### Problem to work on
In your output, repeat each entry exactly and include no pictures.

### Extracted records

=-=-=

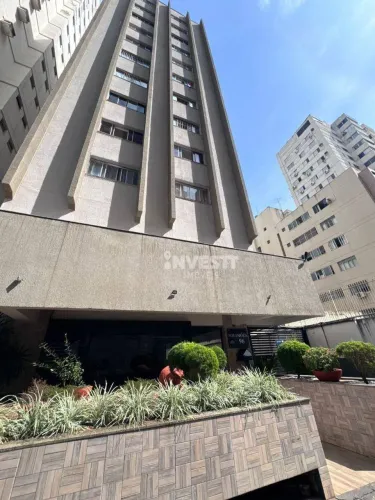 Apartamento com 2 dormitórios para alugar, 80 m² por R$ 2.338,00/mês - Setor Oeste - Goiân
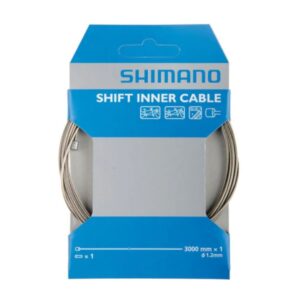 Shimano Tandem Shift Inner Cable 1.2mm x 3000mm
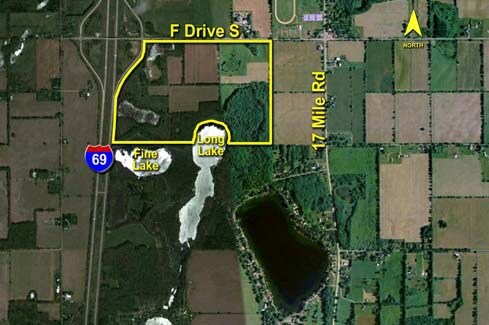 More Photos Of 16150 F Dr S, Marshall Land For Sale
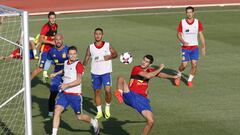 How and where can I watch Belgium - Spain: times, TV, online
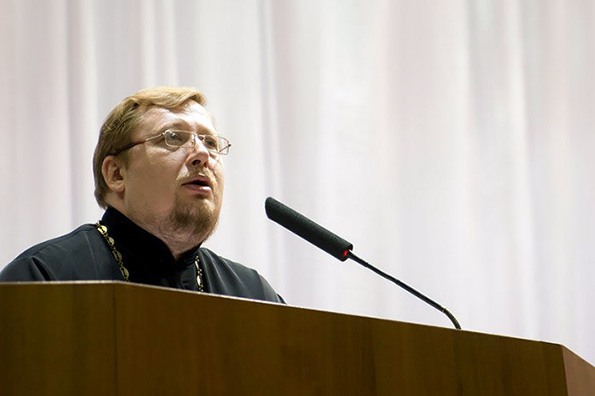 Протоиерей Сергий Титов: «Главное в миссии – простота»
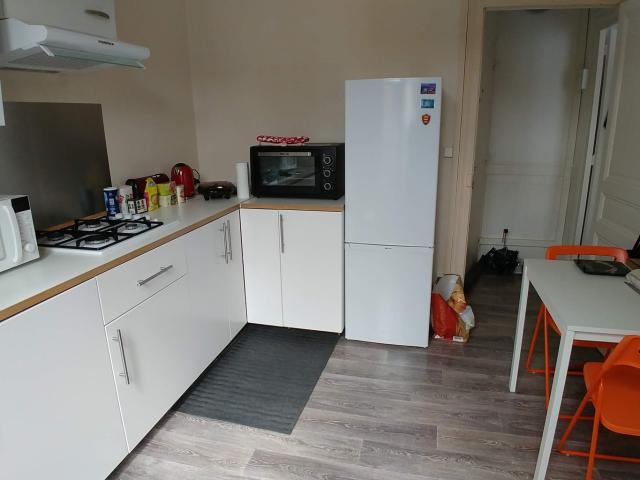 Location Appartement Boulevard des États Unis, Vichy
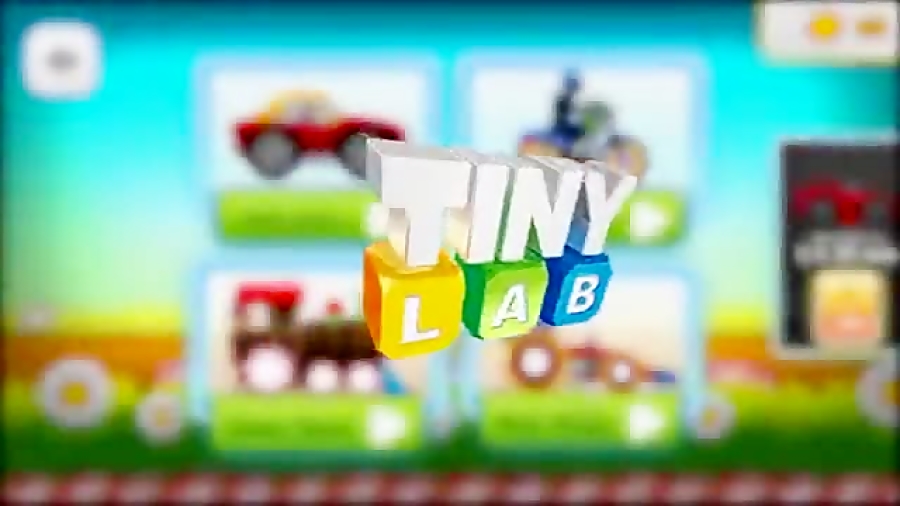 Tiny Lab Games
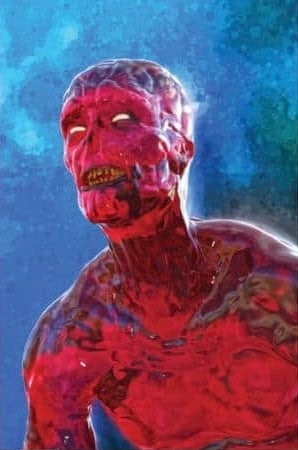 Mark Spears Monsters #8 Mark Spears A04 Virgin Illustration of Headache Pain Cover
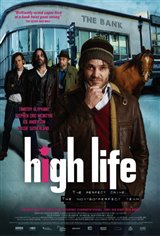 High Life (2010) Large Poster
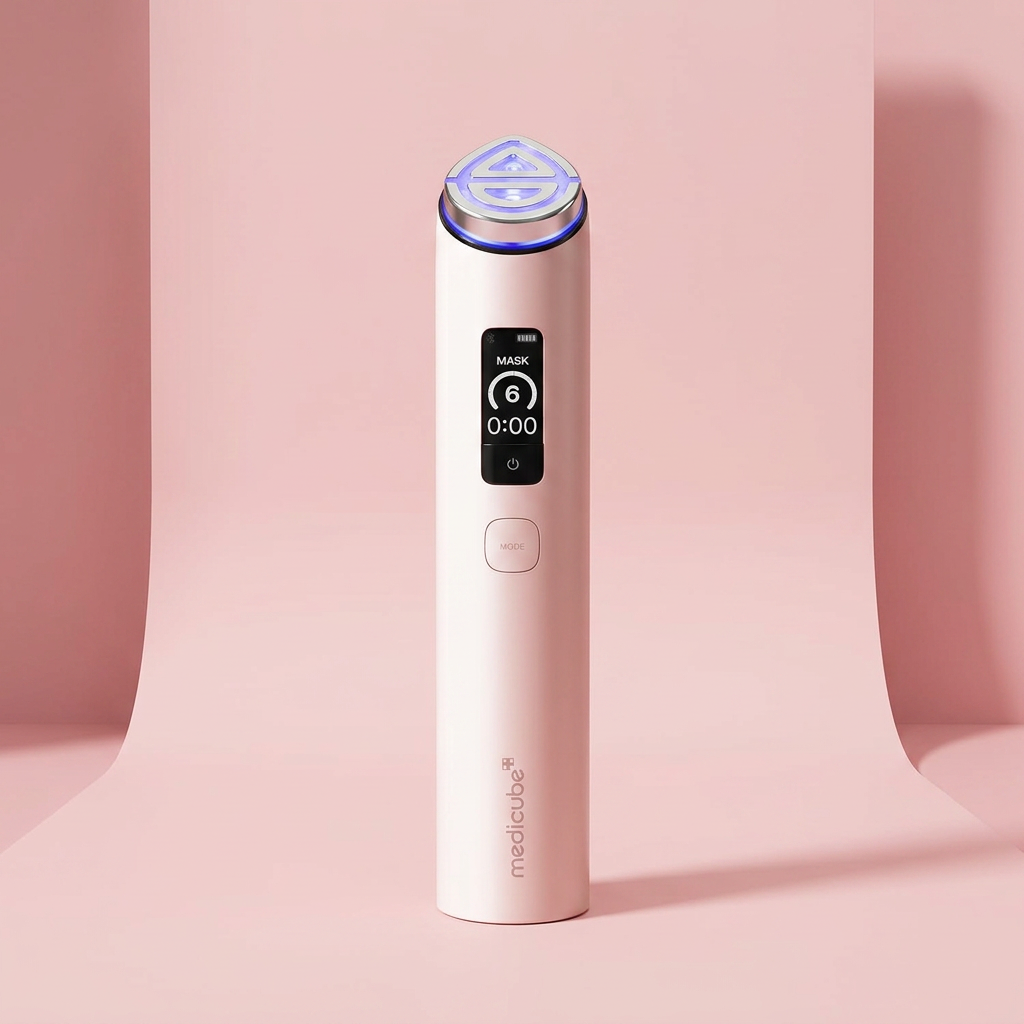 [MEDICUBE] AGE-R BOOSTER PRO X2 PINK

=-=-=

### Response
 Apartamento com 2 dormitórios para alugar, 80 m² por R$ 2.338,00/mês - Setor Oeste - Goiân
 Shimano Tandem Shift Inner Cable 1.2mm x 3000mm
 More Photos Of 16150 F Dr S, Marshall Land For Sale
 How and where can I watch Belgium - Spain: times, TV, online
 Протоиерей Сергий Титов: «Главное в миссии – простота»
 Location Appartement Boulevard des États Unis, Vichy
 Tiny Lab Games
 Mark Spears Monsters #8 Mark Spears A04 Virgin Illustration of Headache Pain Cover
 High Life (2010) Large Poster
 [MEDICUBE] AGE-R BOOSTER PRO X2 PINK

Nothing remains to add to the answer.